> Data records
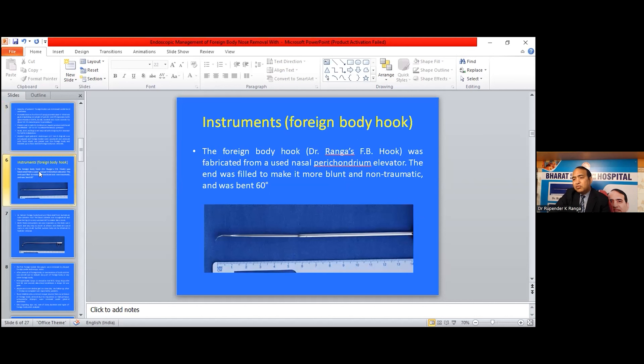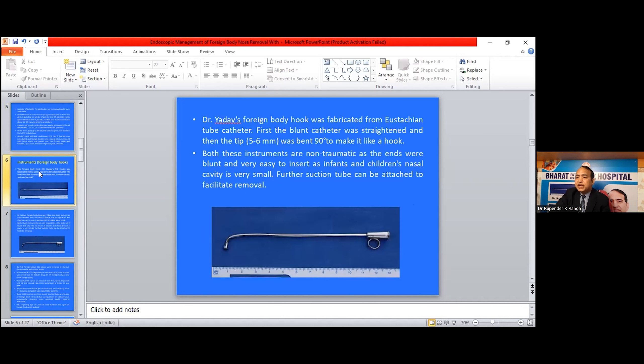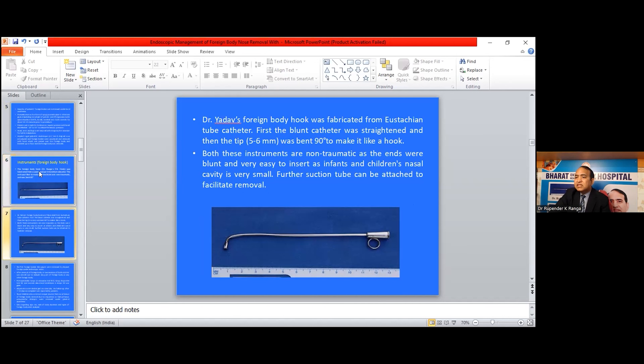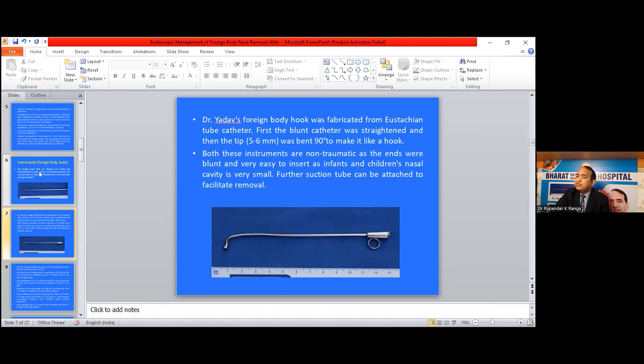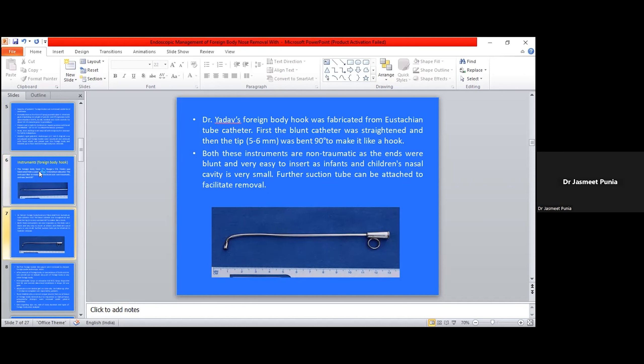Dr. Rangar's foreign body hook was fabricated from a used nasal suction tube catheter. First, the blunt catheter was straightened and then the tip 5 to 6 mm was bent to 90 degrees to make it like a hook. Both these instruments are non-traumatic as the end was bent to 60 degrees. They are very easy to insert in infants and children as the nasal cavity is very small. Further, suction tube can be attached to this.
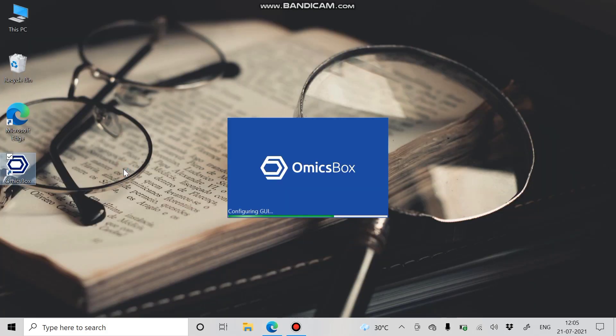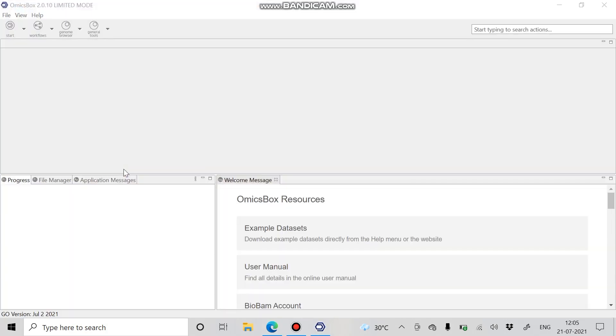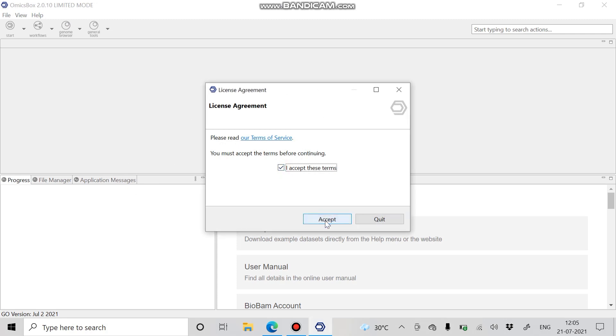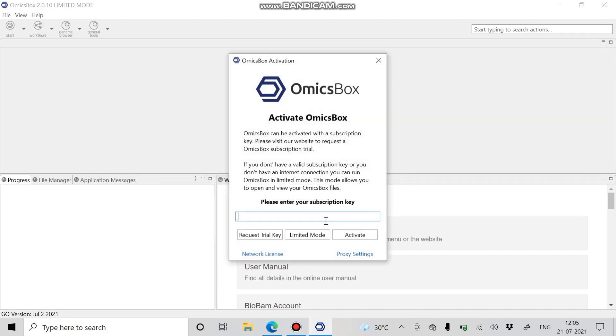Once the activation is done, the activation key will be given through email. When you open the OmicsBox wizard, a prompt window opens asking for the activation key. Just paste your activation key here.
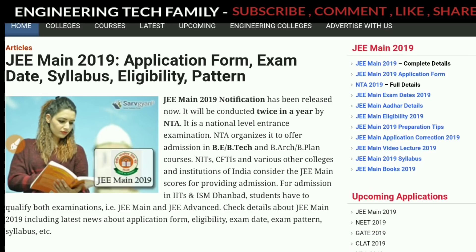I will give you the link to this site in the description. You will have all the details on it and you can learn everything from it.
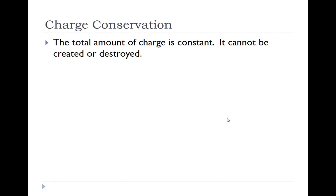This concludes the first section of chapter 18. In the next section, we're going to be looking at the atom.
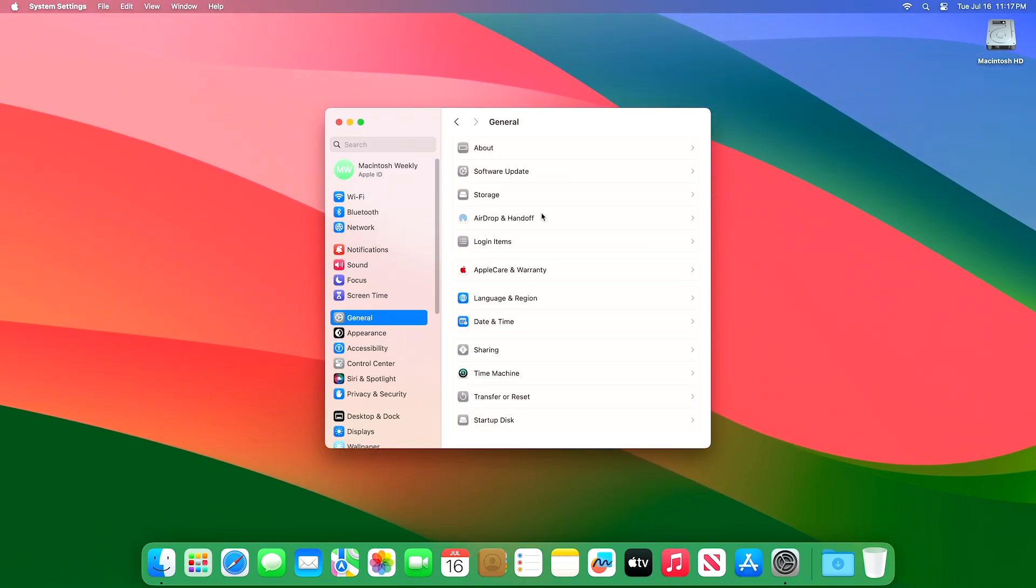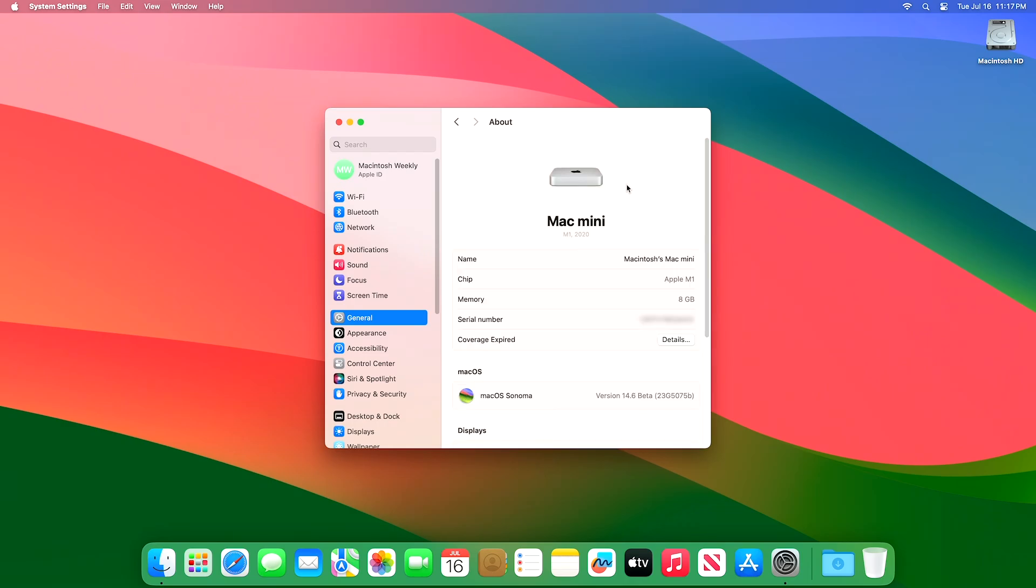And as you can see, the device has been successfully updated to macOS Sonoma 14.6 Developer Beta 4, and the build number is 23G5075B.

> Directions for this task
Could you reproduce the data above exactly, without its pictures?

> Exercise response
Dr. Rangar's foreign body hook was fabricated from a used nasal suction tube catheter. First, the blunt catheter was straightened and then the tip 5 to 6 mm was bent to 90 degrees to make it like a hook. Both these instruments are non-traumatic as the end was bent to 60 degrees. They are very easy to insert in infants and children as the nasal cavity is very small. Further, suction tube can be attached to this.
Once the activation is done, the activation key will be given through email. When you open the OmicsBox wizard, a prompt window opens asking for the activation key. Just paste your activation key here.
I will give you the link to this site in the description. You will have all the details on it and you can learn everything from it.
This concludes the first section of chapter 18. In the next section, we're going to be looking at the atom.
And as you can see, the device has been successfully updated to macOS Sonoma 14.6 Developer Beta 4, and the build number is 23G5075B.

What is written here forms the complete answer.